* _TASK STATEMENT_: Could you return every line of the records below that contains the word "Accessories"?

>>>

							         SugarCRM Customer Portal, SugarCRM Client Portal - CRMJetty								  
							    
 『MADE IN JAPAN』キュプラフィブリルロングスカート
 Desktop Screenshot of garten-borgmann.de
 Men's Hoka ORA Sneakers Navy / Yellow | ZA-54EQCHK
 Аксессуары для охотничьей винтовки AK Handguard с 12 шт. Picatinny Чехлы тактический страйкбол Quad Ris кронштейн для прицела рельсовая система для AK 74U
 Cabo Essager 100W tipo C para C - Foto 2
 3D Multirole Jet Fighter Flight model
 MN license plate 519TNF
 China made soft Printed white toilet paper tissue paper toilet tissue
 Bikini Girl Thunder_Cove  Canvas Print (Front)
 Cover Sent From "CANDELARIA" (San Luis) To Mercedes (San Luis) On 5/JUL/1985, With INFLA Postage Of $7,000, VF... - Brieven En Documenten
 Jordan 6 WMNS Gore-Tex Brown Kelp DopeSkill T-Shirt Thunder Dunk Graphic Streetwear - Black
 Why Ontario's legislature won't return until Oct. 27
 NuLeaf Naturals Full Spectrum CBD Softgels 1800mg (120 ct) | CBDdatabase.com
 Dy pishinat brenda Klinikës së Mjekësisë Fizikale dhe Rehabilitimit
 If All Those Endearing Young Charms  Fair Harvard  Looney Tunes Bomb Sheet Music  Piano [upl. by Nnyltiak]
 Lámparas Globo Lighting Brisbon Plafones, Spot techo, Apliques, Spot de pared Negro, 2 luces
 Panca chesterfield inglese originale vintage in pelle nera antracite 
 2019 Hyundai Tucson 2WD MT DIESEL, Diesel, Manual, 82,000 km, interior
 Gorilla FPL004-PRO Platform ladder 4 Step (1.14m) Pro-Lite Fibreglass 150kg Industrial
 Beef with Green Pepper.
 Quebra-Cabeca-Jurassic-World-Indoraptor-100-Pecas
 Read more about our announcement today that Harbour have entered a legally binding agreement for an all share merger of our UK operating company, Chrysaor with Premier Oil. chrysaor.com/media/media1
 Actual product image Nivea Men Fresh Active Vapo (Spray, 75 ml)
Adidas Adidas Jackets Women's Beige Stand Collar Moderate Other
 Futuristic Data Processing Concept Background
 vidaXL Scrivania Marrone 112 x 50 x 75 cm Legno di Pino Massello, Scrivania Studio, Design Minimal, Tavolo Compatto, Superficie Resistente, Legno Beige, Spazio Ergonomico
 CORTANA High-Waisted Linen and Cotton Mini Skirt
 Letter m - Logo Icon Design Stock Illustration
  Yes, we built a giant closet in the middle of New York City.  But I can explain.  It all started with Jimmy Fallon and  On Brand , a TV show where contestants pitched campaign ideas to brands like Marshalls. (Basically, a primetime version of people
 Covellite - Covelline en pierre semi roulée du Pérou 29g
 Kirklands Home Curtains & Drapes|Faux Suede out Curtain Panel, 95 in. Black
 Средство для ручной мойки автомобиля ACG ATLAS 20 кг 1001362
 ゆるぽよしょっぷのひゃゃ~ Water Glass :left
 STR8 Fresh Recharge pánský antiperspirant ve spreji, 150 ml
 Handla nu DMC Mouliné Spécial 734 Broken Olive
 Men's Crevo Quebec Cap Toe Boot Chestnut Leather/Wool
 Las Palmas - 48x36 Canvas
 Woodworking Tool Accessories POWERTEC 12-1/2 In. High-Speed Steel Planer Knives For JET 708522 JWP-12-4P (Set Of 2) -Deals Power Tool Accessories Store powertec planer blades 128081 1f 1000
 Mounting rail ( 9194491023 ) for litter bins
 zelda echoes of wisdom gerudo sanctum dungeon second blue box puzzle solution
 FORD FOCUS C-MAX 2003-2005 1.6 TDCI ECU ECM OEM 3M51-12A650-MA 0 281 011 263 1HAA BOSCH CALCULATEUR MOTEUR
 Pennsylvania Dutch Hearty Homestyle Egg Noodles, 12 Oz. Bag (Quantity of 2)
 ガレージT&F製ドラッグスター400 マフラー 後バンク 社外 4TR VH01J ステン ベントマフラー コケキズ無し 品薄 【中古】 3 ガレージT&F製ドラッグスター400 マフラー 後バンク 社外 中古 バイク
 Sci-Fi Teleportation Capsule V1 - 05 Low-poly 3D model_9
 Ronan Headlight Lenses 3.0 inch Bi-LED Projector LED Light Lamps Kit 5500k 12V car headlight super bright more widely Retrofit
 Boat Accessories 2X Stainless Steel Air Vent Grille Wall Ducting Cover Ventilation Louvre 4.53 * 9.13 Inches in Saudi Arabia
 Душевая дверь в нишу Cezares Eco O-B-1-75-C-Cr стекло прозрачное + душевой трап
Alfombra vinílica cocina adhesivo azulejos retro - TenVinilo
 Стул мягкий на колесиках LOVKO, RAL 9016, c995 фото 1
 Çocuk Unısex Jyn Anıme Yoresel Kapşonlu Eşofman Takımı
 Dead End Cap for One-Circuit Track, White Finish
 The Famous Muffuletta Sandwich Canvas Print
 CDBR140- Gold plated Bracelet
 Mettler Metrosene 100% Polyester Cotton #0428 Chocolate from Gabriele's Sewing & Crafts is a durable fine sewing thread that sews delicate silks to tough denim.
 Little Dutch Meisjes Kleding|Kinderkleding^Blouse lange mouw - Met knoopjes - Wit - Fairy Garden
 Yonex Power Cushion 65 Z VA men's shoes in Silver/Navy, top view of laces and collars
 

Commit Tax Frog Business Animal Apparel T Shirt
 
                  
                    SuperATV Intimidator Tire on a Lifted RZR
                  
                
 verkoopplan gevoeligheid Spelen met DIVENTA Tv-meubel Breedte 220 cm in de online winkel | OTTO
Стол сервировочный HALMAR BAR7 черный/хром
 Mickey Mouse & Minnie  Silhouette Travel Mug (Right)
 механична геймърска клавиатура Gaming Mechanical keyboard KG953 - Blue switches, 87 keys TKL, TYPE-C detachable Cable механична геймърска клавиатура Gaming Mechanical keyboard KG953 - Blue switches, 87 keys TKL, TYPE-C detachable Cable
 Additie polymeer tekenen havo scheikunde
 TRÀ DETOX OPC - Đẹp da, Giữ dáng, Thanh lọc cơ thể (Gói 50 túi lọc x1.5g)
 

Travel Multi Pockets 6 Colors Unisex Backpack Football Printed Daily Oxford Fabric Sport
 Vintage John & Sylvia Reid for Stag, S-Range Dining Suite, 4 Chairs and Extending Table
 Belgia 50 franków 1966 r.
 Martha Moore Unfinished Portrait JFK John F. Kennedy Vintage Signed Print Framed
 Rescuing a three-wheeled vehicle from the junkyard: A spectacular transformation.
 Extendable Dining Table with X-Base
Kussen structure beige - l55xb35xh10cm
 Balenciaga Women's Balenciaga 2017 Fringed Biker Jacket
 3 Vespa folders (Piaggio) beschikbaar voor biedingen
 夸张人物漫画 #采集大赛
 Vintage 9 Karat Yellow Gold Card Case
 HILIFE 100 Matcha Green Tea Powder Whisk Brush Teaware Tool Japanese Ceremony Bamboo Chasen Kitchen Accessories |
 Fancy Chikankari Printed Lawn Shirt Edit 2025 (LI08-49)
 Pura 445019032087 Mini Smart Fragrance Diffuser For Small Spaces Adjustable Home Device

<<<

* _WORKED SOLUTION_:
 Woodworking Tool Accessories POWERTEC 12-1/2 In. High-Speed Steel Planer Knives For JET 708522 JWP-12-4P (Set Of 2) -Deals Power Tool Accessories Store powertec planer blades 128081 1f 1000
 Boat Accessories 2X Stainless Steel Air Vent Grille Wall Ducting Cover Ventilation Louvre 4.53 * 9.13 Inches in Saudi Arabia
 HILIFE 100 Matcha Green Tea Powder Whisk Brush Teaware Tool Japanese Ceremony Bamboo Chasen Kitchen Accessories |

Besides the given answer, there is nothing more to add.